At the moment, I’m shin-deep in a 30-foot-across Virginia stream called Ramsey’s Draft and using a tenkara rod to conduct a virtual brook-trout census of the creek. The technique is not dapping, which is effectively dangling a fly on the water from a hidden spot. Instead, it’s a very simplified version of fly casting. When you’re freed from the reel and the management of extra line, all that happens is an easy roll cast. The line moves downstream past me, and I lift it and toss it back upstream, my wrist working in a forceful pitch. This is followed by yet another amazing float by the fly. Because you’re not having to mend and manage line to keep the fly from dragging on the water’s surface, you have incredible control over how a fly drifts. The fly can be kept in the tongue’s clear water below a waterfall for twice as long as a conventional cast. That’s where the fish are.
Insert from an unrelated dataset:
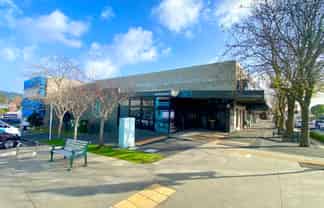 High-Exposure Glen Eden Commercial Space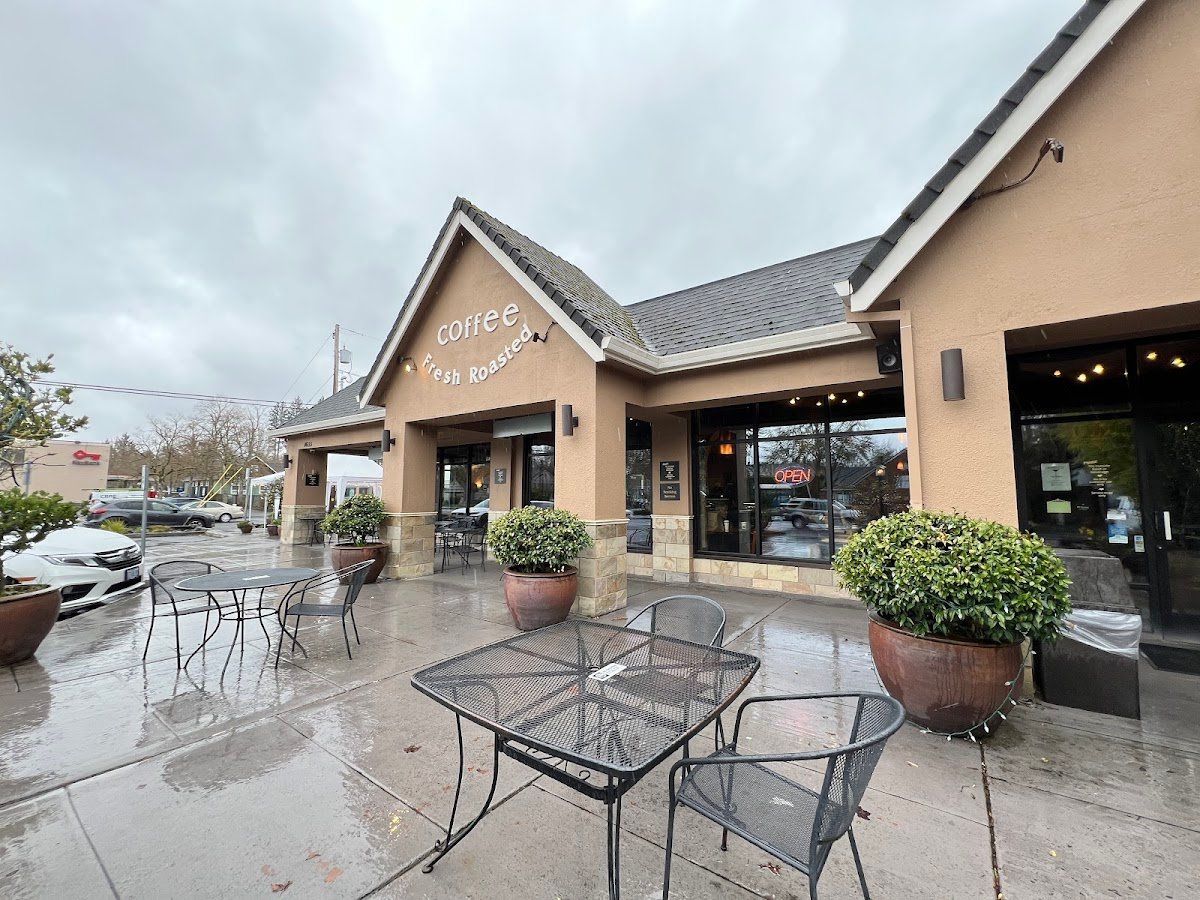 Ava Roasteria - Hall specialty coffee shop in Portland - photo 3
My teacher and guide today is Tom Sadler. A semiretired Washington, DC, conservation lobbyist, Sadler has been fly fishing since he was a kid in New Hampshire. “I haven’t used a conventional fly rod in two years,” he says. “I love tenkara.” You can tell. And he’s good at it. He casts. He casts again. Another brook trout. A nice eight-incher this time.

Photo: Michael JN Bowles

A nice Southern brook trout.

Tenkara rods were originally made of bamboo, which has now been upgraded to these telescoping carbon-fiber sections. And though tenkara traditionally uses a couple of different fly designs—a few floating dry flies and a few subsurface “wet” ones—Sadler doesn’t limit himself to only those. He uses the traditional American fly fisherman’s arsenal. We started the day with a Parachute Adams, then moved on to a Pale Morning Dun. Now, in the afternoon, we have shifted to Sulfur Duns, which are coming off the water in droves. In fact, a variety of bugs are currently twisting off the creek’s surface. Caddis and huge white mayflies are in evidence. We may switch flies again soon.
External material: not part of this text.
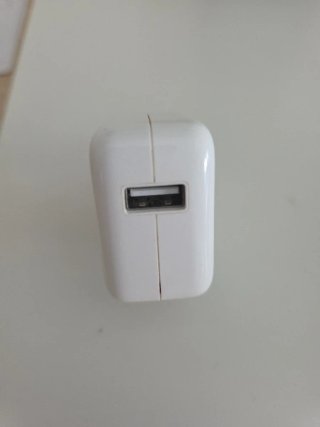 Adaptador de corriente Apple blanco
Meanwhile, the fish appear to be eating everything. While he’s a fan of a well-floated fly, Sadler takes note of the stream activity and says: “I’d let it sink a bit. They’re eating emergers.” The fly sinks beneath the waterline with the next cast. Bam! Another fish. It fights and flashes. To bring the fish to hand, you just raise the rod tip higher. It’s simplicity on a trout stream. It’s tenkara.